As luxury furniture brands like Giorgetti, Fendi, Visionnaire and Ceccotti, and lighting companies like Flos, Brand van Egmond and Foscarini started limited activity through Indian representatives, a handful of Indian designers set the ball rolling for modernising the Indian design market. Indian stalwarts like Kaaru, Klove, Indi, Viya Home and Anantaya worked relentlessly to design, manufacture and deliver furniture, lights and accessories that would make any Indian proud of our design legacy.
To rework the legacy in a modern idiom has not been easy. The biggest challenge for Indian designers has been the lack of ancillary support. So when a designer creates a furniture piece or a new light, the components that go into making it a functionally refined piece are missing. As a result, he has to design its components, do extensive material research, test it and also find skilled workers to make it.

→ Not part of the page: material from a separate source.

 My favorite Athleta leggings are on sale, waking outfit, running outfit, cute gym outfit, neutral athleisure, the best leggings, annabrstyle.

Creativity needs unfettered mental space and adequate prototyping support system. Right now, our designers have to design the piece and all that goes into its making. Of course, there is the business part of it that needs to be taken care of, in addition to bringing out new collections from time to time. Not to mention the lack of intellectual property rights and patent protection to prevent cheap copies from hitting the market. At this point, India is poised for a rabid consumption of design, and the worry according to Sanjib Chatterjee, architect and co-founder of Kaaru, a studio that put Indian craft design on the international play field, is the pace of consumption that is round the corner. “The stampede towards consumption created by consumerism does not augur well,” he says. “Good design follows a contemplative mode. The classics took time to evolve, they did not happen overnight, as also the artisans refined their skills over generations.”

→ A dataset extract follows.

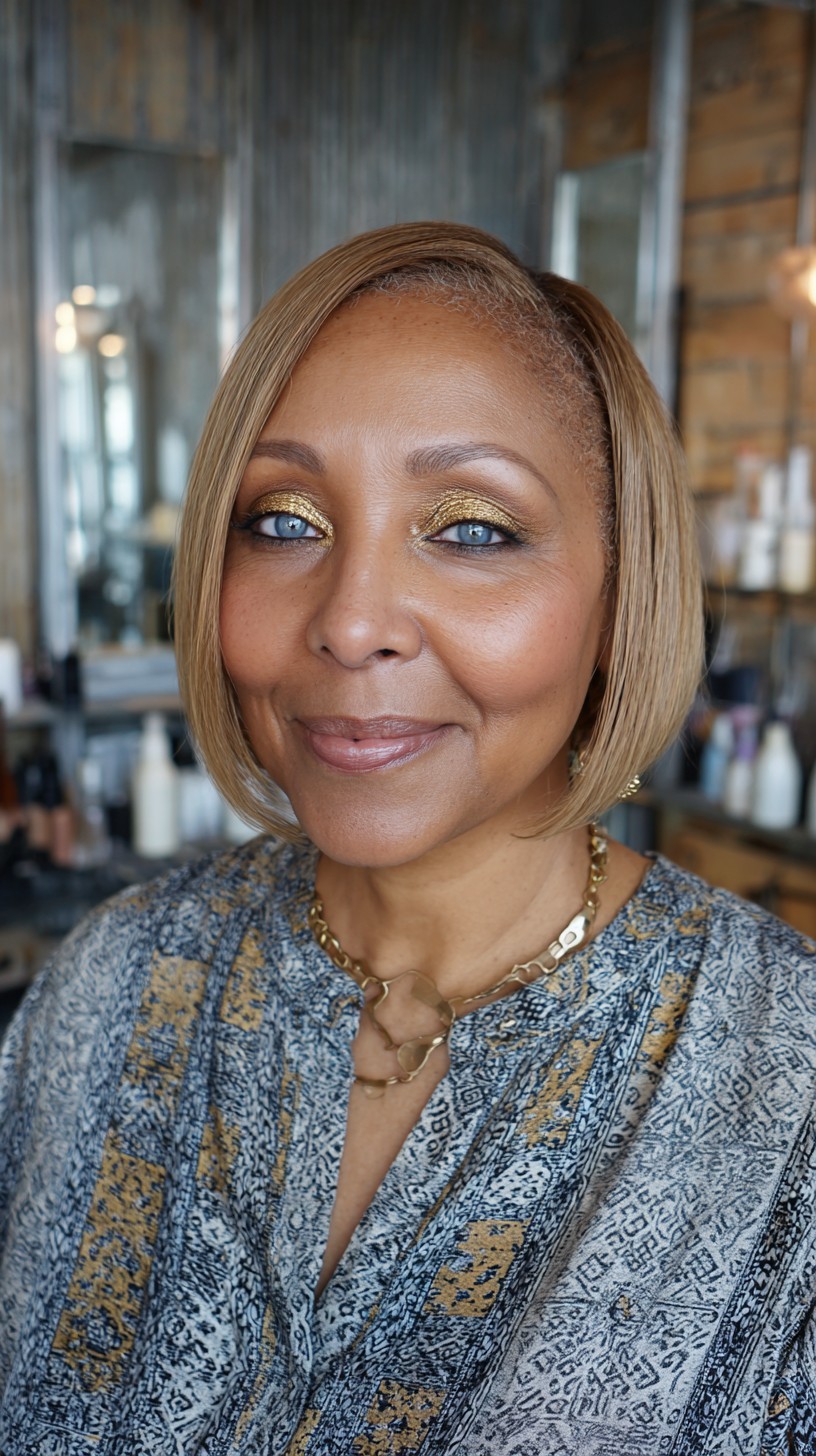 Chic Blunt Bob with Subtle Highlights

Amsterdam-based Indian designer Satyendra Pakhale utilised the craft of a Bastar tribe in his design of B.M. Horse—a range of bell metal sculptural pieces. It is a perfect example of what Indian crafts can look like when executed with high precision tools available in other parts of the world.

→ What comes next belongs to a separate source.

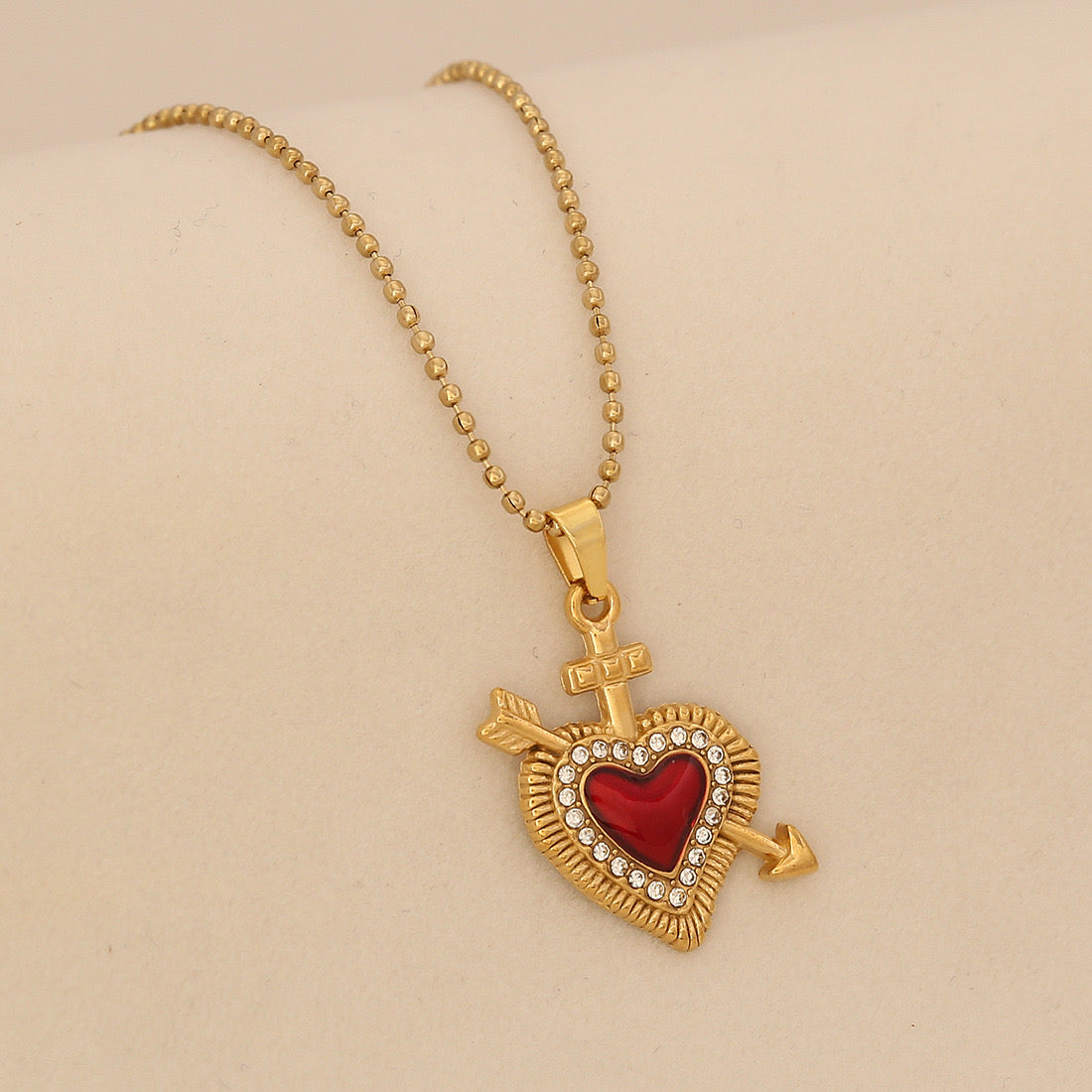 Crimson Heart Pendant Necklace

There are others like Ayush and Geetanjali Kasliwal of AKFD design studio who are the happiest to handhold and train fresh minds in the rural sector. It is not for nothing that we term the current years as the ‘Renaissance of Indian crafts’.
Most designers agree that National Design Policy and Indian Design Council remain divorced from the ground realities of the Indian décor design segment. There are multiple areas where support could be provided: training and re-training of labour, prototype labs and innovation hubs for ancillary support and promotion of cross-pollination of skills.
There are a growing number of NGOs and self-help groups that are supporting artisans in remote areas, but they seem to be working in silos. There is now a ministry for skill development, but the real challenge would be to connect the dots and land the right people with the right skills at the right doorsteps.
In Thiruvananthapuram, architect N. Mahesh has found a unique way to mark the culmination of his career spanning 40 years. He has taken design to the lowest denominator of society by posting a two-bedroom apartment design (578sqft) that costs under 06 lakh on two cents of land on the website mvironments.com. Anyone can take a printout, show it to a contractor and get it constructed.
Recently, a life-size model was set up in the city for the public to walk in and experience what the construction would look like. Needless to say, the response was overwhelming.
One reason that our cityscapes have ugly patches is because of haphazard extensions of poor dwelling units which are dictated by paucity of resources. Now, if every city got its five top architects to give such designs and the users of these designs were made aware of the options they have, would it not upgrade their quality of life?